Audit Bureau of Circulations
From Magweasel
The Audit Bureau of Circulations (ABC) is an organization that gauges and measures circulation, readership, and audience information for magazines, newspapers, and other publications. There are multiple ABCs covering all of the regions of the world; the American ABC was founded in 1914 and is based in Schaumberg, IL, with offices in New York and Toronto.
The ABC is funded with fees from its members, mainly comprised of media companies, advertisers, and some universities.
How the ABC works
Generally speaking, the ABC audits a magazine by first receiving a stated circulation number from the magazine's publisher, then comparing that number with records from retailers, wholesalers, and other links in the magazine distribution chain. ABC publishes its results every six months to members.
A full auditing process can take up to nine months for each six-month period, by which time the situation of the magazine being audited may have changed greatly. In order to provide timelier numbers, the ABC takes the figures submitted by magazines at the end of each six-month period and publishes them as "pink sheets" without any extra auditing. These pink sheets are available two to three months after the reporting period. (If a pink-sheet figure turns out to be too much higher than what the ABC finds with its audit, the publisher may be warned and eventually have its membership revoked for repeat offenses.)
It is far from a perfect system, and magazines have tried to use it in the past to inflate their circulation numbers.

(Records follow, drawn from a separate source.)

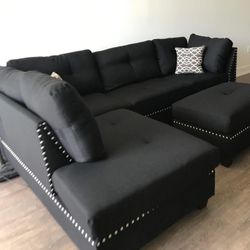 New Black Nailhead Sectional Couch ! Free Delivery 🚚 ! Financing Available  !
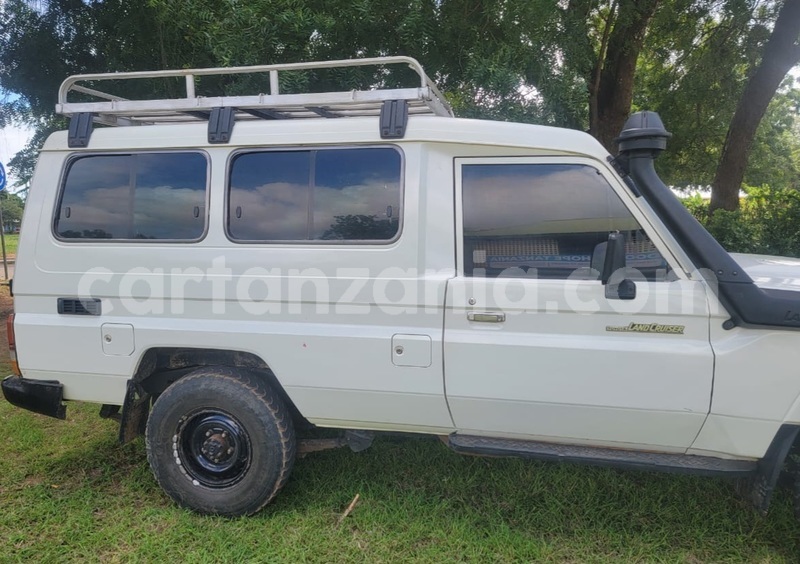 Big with watermark toyota land cruiser mtwara mtwara 33158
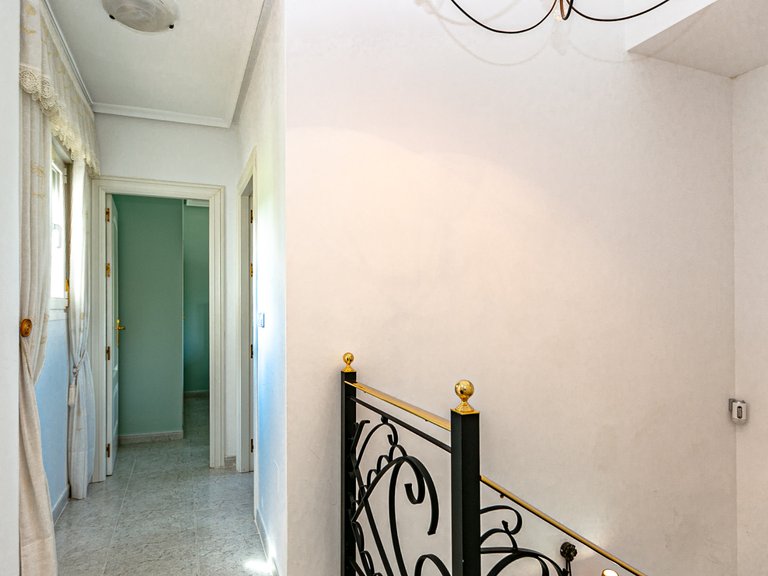 Villa for Sale in Villamartin, Alicante 39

Gruner + Jahr USA, the publisher of Rosie magazine (the women's title led by Rosie O'Donnell), admitted in a lawsuit that it had deliberately overstated its newsstand circulation to ABC for the first half of 2001. It was later revealed this practice was frequent among not just Gruner + Jahr but several newspapers across America, setting off an industry-wide controversy that shook many advertisers' trust in the ABC system. The ABC responded by conducting a full investigation and concluding that circulation inflation was not an epidemic problem; most of the offending publishers later reimbursed advertisers.
Game magazines and circulation
Game publishers are not required to report ABC-audited circulation figures to the general public. Instead they report their own figures -- usually in the form of "rate base," or the average sell-through figure they guarantee to their advertisers.
Due to the expense involved, most general-interest magazines in America do not apply for an ABC audit unless their circulation is around 125,000 copies or greater. Once a magazine reaches its point, it usually raises its ad rates to the point where outside confirmation of their sales figures becomes vital. As a result of this, most of the "second tier" of game magazines (such as Play or Computer Games) do not have ABC-audited figures, offering their own figures to advertisers instead.